SUPPLIED MATERIAL:
* * * * *

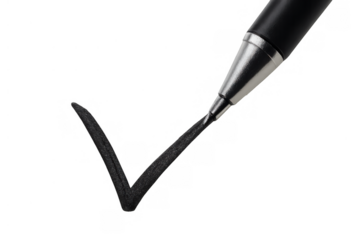 Pen drawing black check mark symbol, signifying completion, approval, and correctness on a transparent background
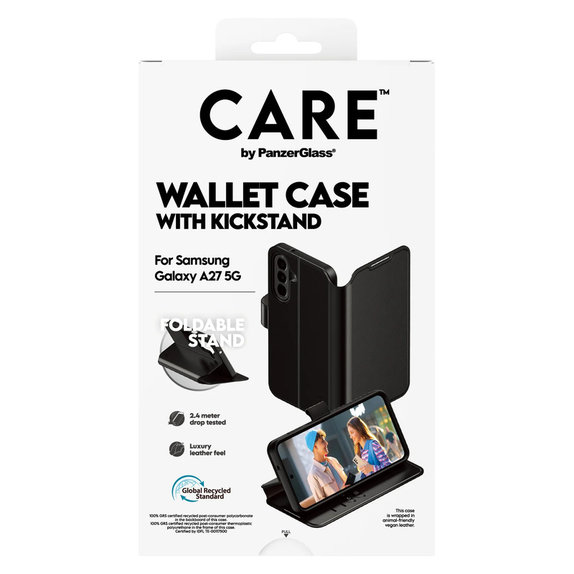 Case Wallet Kickstand for Samsung Galaxy A27, Black, PanzerGlass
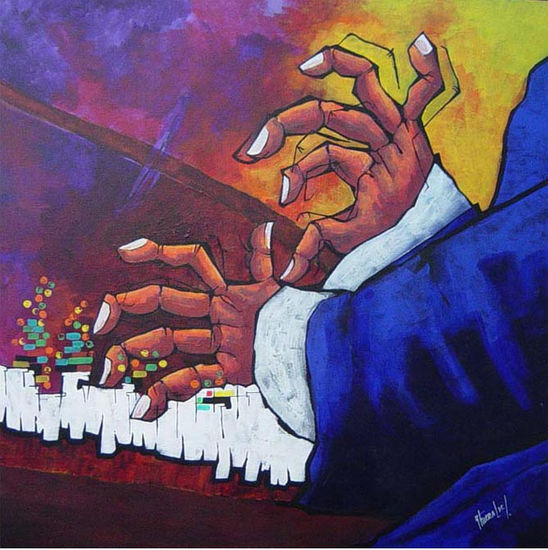 Viejo pianista Acrylic Canvas Figure Painting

* * * * *

INSTRUCTIONS TO FOLLOW: From the line that holds "Case Wallet Kickstand" down to the last line of the material above, every line is to be copied exactly, both ends included; pictures are to be omitted.

REPLY:
 Case Wallet Kickstand for Samsung Galaxy A27, Black, PanzerGlass
 Viejo pianista Acrylic Canvas Figure Painting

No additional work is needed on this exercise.